Rabeprazole-ER is a 50 mg capsule

• contains 5-distinct 10 mg tablets designed to be degraded and absorbed at intervals throughout the small intestine and colon.
• In a study of healthy subjects, rabeprazole-ER showed superior control of nocturnal gastric acid secretion when compared to both esomeprazole and conventional delayed-release rabeprazole.

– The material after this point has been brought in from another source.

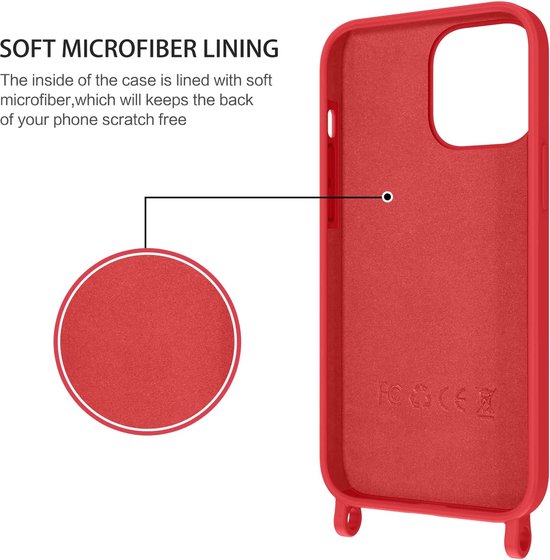 Apple iPhone 14 Plus Hoesje - Rood - Siliconen Back Cover met Telefoonkoord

Dual-release dexlansoprazole

• formulated to release drug in two separate pH controlled phases.
• Twenty-five percent of the drug dose is liberated in the proximal small intestine at a pH of 5.5, with pharmacokinetics (peak plasma concentration of 1 to 2 hours) similar to traditional enteric coated PPIs.
• This is followed by a second release of 75% of the drug dose in the more distal small intestine at a pH of 6.75 which provides a second serum peak at 5 to 6 hours after administration.
• Like tenatoprazole, this provides an overall increase in the AUC and thereby an overall higher mean 24-hour intragastric pH than its stereo-isomer lansoprazole.
• This offers a potential advantage to patients with obligate twice-daily dosing for symptom control, persistent nocturnal symptoms,or poor compliance with meal timing.

An alternate strategy to avoid the need for premeal dosing would be the inclusion of a stimulator of gastric acid secretion along with the PPI. Succinic acid exhibits pentagastrin like activity and has been FDA approved as a pharmaceutical excipient.